GOAL OF THE EXERCISE: What is the number of lines in the material below that include the word "Building"? Write that number and nothing more.

....................

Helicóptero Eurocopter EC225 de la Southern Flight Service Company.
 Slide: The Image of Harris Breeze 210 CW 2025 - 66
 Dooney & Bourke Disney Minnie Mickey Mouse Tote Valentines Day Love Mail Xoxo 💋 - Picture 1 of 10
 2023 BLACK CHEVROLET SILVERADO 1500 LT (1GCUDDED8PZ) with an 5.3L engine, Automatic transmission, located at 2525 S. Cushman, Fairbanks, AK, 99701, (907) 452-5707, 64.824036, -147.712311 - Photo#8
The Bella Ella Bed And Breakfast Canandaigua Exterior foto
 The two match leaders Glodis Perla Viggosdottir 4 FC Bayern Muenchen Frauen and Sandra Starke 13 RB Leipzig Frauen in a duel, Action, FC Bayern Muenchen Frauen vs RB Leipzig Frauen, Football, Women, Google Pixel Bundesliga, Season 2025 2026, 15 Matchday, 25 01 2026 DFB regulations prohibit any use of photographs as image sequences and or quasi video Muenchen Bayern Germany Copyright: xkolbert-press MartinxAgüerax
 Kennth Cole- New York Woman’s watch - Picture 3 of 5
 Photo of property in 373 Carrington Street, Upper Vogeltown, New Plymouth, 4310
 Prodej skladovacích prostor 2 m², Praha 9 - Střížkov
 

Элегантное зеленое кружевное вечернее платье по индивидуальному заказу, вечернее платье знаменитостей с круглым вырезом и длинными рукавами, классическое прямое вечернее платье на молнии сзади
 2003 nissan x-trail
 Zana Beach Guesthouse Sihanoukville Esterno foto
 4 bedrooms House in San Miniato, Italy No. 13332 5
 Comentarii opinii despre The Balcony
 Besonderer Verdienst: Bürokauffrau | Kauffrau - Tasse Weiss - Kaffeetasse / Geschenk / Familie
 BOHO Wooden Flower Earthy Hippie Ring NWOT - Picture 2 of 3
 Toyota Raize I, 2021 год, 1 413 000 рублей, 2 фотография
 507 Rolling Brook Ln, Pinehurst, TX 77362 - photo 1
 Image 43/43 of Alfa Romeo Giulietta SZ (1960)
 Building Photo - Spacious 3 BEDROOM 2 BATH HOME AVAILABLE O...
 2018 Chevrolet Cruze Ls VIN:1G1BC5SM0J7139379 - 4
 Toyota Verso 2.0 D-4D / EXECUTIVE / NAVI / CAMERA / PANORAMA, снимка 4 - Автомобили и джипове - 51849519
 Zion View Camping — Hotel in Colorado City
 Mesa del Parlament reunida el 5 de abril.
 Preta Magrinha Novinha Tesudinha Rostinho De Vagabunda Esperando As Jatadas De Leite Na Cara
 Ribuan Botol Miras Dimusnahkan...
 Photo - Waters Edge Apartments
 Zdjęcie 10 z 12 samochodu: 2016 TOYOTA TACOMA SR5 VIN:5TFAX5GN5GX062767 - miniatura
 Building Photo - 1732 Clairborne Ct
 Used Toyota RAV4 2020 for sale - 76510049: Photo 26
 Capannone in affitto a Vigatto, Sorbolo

....................

EXERCISE OUTPUT: 2